Topic modeling with latent Dirichlet allocation
Project description
Topic modeling with latent Dirichlet allocation. lda aims for simplicity.
lda implements latent Dirichlet allocation (LDA) using collapsed Gibbs sampling. LDA is described in Blei et al. (2003) and Pritchard et al. (2000).
Installation
pip install lda
Getting started
lda.LDA implements latent Dirichlet allocation (LDA). The interface follows conventions found in scikit-learn.
>>> import numpy as np
>>> import lda
>>> X = np.array([[1,1], [2, 1], [3, 1], [4, 1], [5, 8], [6, 1]])
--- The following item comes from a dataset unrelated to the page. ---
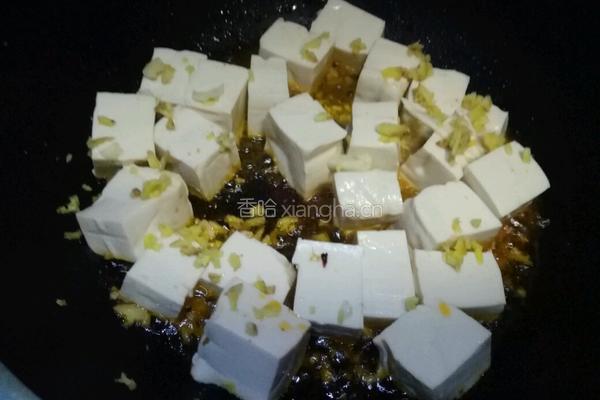 焖豆腐鸭血韭菜的做法图解7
>>> model = lda.LDA(n_topics=2, n_iter, random_state=1)
>>> doc_topic = model.fit_transform(X) # estimate of document-topic distributions
>>> model.components_ # estimate of topic-word distributions; model.doc_topic_ is an alias
Requirements
Python 3 is required. The following packages are also required
Caveat
lda aims for simplicity over speed. If you are working with large corpora or want to use faster and more sophisticated topic models, consider using hca or MALLET. hca is written in C and MALLET_ is written in Java.
Important links
Documentation: http://pythonhosted.org/lda
Source code: https://github.com/ariddell/lda/
Issue tracker: https://github.com/ariddell/lda/issues
License
horizont is licensed under Version 2.0 of the Mozilla Public License.